Apesar da ausência de divisão formal em capítulos ou temas, o livro é constituído por três momentos decisivos: no primeiro, o Comandante, através de uma longa exposição, demonstra para o Jovem Oficial a importância da tarefa que lhe está sendo confiada, empregando argumentos convincentes para que ele não se sinta desmotivado ou humilhado, uma vez que irá caçar ratos, algo pouco glamouroso no meio marítimo. No segundo momento, o Jovem Oficial dedica-se à reflexão sobre os motivos que lhe levaram a ser escolhido para a tarefa de matar os ratos, assim como entrevista outros membros da tripulação e passa longas horas refletindo diante do oceano. No terceiro e último momento, o número de ratos cresce de forma assustadora, levando o Jovem Oficial a expor o plano que até então esboçara, o qual é imediatamente executado pelo Comandante.

Por ser um livro em que a ideia é mais importante do que a ação, os personagens pouco se movimentam. Não existe nenhum drama ou fato que impulsione as rodas ficcionais. No entanto, as reflexões são intensas e elaboradas. A simplicidade aparente da história esconde uma série de armadilhas. O leitor precisa se enrodilhar nos pensamentos dos personagens, entendendo os pontos de vista e os questionamentos que surgem de cada ideia. O jovem oficial é um livro que se deve sorver lentamente e com extrema atenção, uma vez que as linhas argumentativas são mais importantes do que a história em si. Algumas pessoas podem se afastar da leitura, pois ela demanda muito mais cuidado do que uma obra ficcional comum. Aqueles que persistirem neste esforço serão recompensados por exercícios retóricos e de argumentação realmente impressionantes. Não basta explicar as ideias, elas precisam ser motivadas. Neste afã, os argumentos contrários à exposição do raciocínio são apresentados, discutidos e depois destruídos de forma lógica.

-- O autor --

Em um mundo cada vez mais acostumado a seguir ordens, soa estranha e longínqua uma época em que as pessoas, antes de obedecer determinações, precisavam preocupar-se com a argumentação e a retórica que as embasavam. Na Antiguidade clássica, tal discussão normalmente era realizada por agentes políticos. No entanto, o mundo atual carece de argumentos convincentes ou a capacidade de discutir fatos com profundidade, e a política deixou de atrair os grandes debatedores e luminares intelectuais. Estamos mais acostumados a obedecer do que a discutir, e o livro de Michel Henry lembra a época em que as pessoas debatiam de forma exaustiva antes de ordenar.

Muitas formas de interpretação surgem no livro.

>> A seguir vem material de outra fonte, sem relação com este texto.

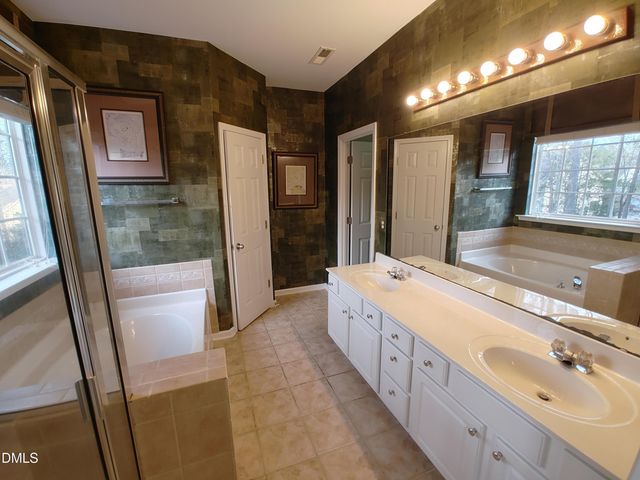 606 Lyon Tree Lane, Durham, NC 27713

Os ratos podem ser comparados à corrupção, ao mal, à morte, a qualquer elemento insidioso e cruel que germina diante dos olhos impotentes de uma pessoa ou grupo social. Importante lembrar que Henry foi um escritor filiado à Resistência, enfrentando o regime nazista que dominou a França. Da mesma forma, o combate pontual e preciso sugerido pelo Jovem Oficial demonstra que as soluções são fáceis e estão ao alcance de qualquer um que deseje realmente resolver o problema. As medidas implementadas no navio para debelar os ratos não são milagrosas ou distantes da realidade; ao contrário, surpreendem por serem simples e de fácil execução. A estratégia de limpeza exaustiva, purificação dos ambientes, ampliação das punições e, por fim, uma saída honrosa para o inimigo é algo que poderia ser aplicado com sucesso para qualquer problema que o homem venha a enfrentar. No entanto, a solução mais lógica e mais simples é aquela mais protelada.

No livro, o Comandante alude à existência de um Manual de combate aos ratos, dizendo ser ele ineficaz e útil apenas a título de referência, não como prática. No seu discurso para a tripulação, o Jovem Oficial elogia o livro e as pessoas que o fizeram (o elogio inicial é parte da desconstrução argumentativa de um conceito), mas afirma que as Normas contidas nele só mascaram a própria incapacidade de resolver a situação, uma vez que ensinam a caçar ratos individualmente, ao invés de lidar com o problema de forma coletiva. Desta maneira, o Manual criaria a ilusão de que os homens estavam no comando da situação e que os ratos estavam sendo mortos, mas, na verdade, eles procriariam em ritmo muito mais acelerado que o da matança. As Leis criadas pela Marinha serviriam somente para evitar a reflexão sobre o problema, eis que não lidavam de forma a resolvê-lo, e sim somente atenuá-lo. Torna-se inevitável refletir sobre as Leis que tentam disciplinar as pessoas, se elas estariam dispostas a resolver os problemas da sociedade ou somente diminuir a sua abrangência sem terminar de vez com eles.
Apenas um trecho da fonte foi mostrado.